• **Exercise directions**
Leave the pictures out and write out the rest of the listing word for word.

• **The data**
▼

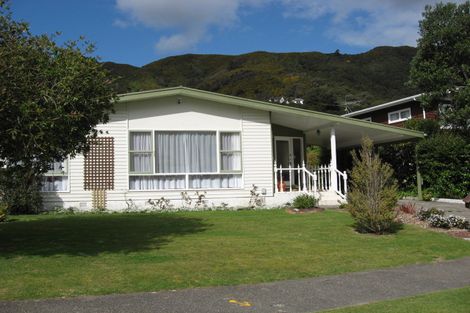 Photo of property in 9 Cleary Street, Waterloo, Lower Hutt, 5011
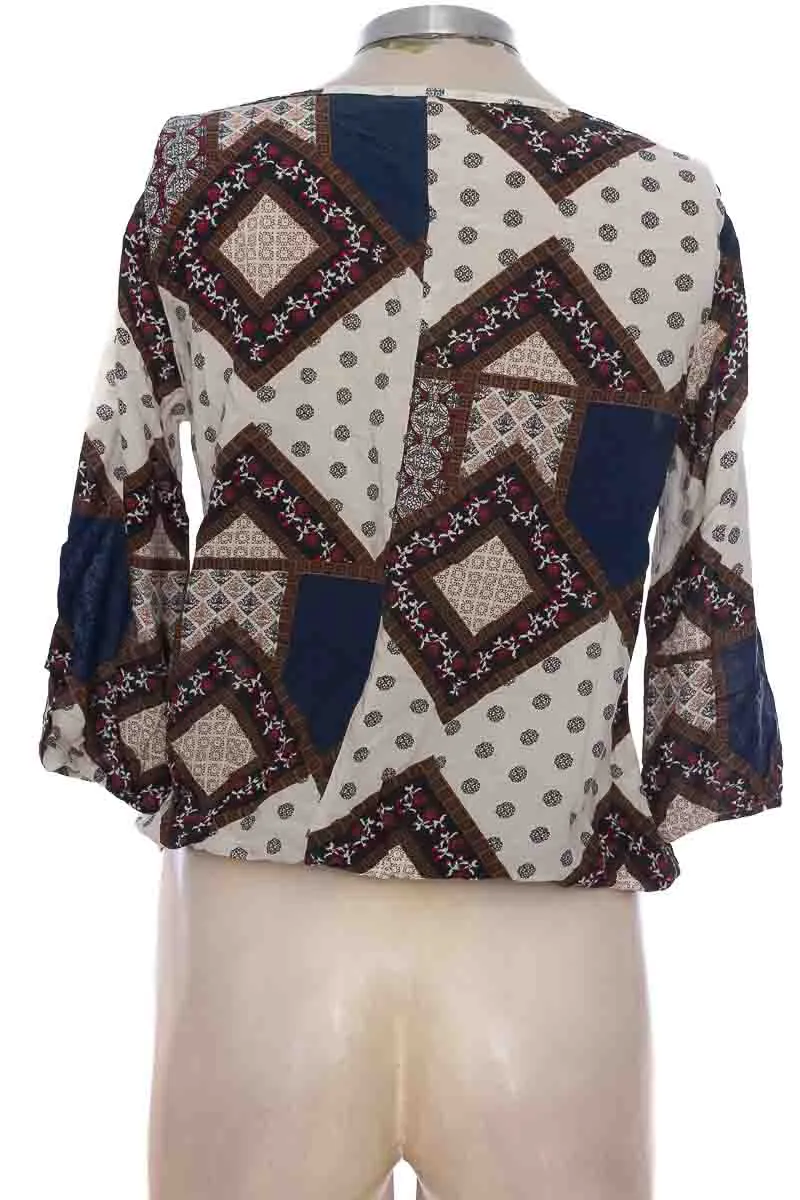 BLUSA COLOR ESTAMPADO  CLOSEANDO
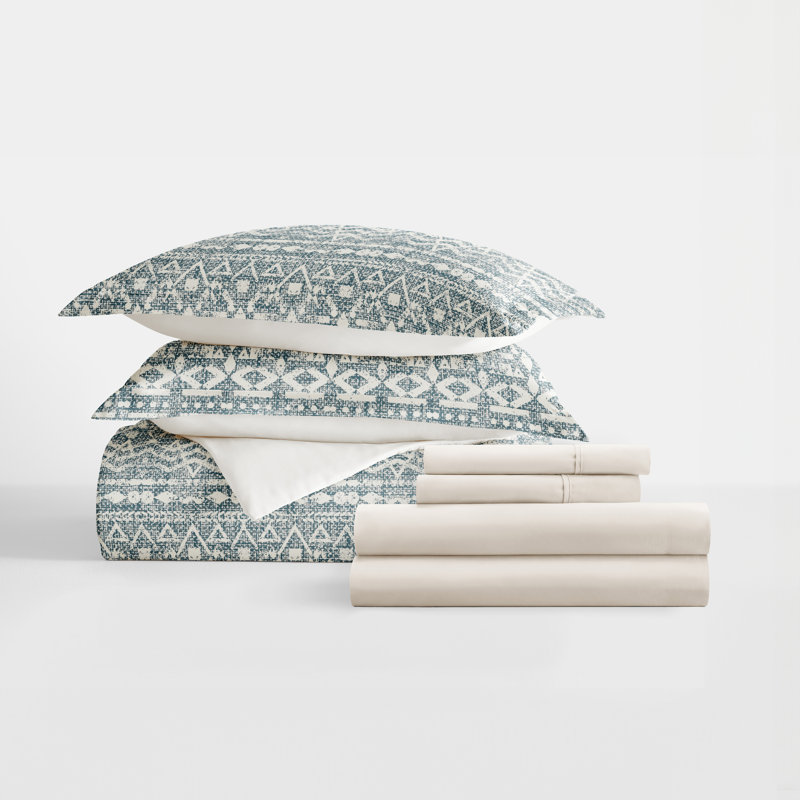 8-Piece Reversible Bedding Bundle - Patterned Duvet Cover, Comforter Insert and Solid Sheet Set, Twin XL Bedding Bundle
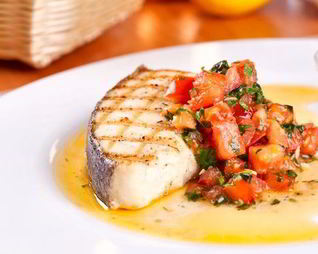 Палтус с соусом сальса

▲

• **Solution**
 Photo of property in 9 Cleary Street, Waterloo, Lower Hutt, 5011
 BLUSA COLOR ESTAMPADO  CLOSEANDO
 8-Piece Reversible Bedding Bundle - Patterned Duvet Cover, Comforter Insert and Solid Sheet Set, Twin XL Bedding Bundle
 Палтус с соусом сальса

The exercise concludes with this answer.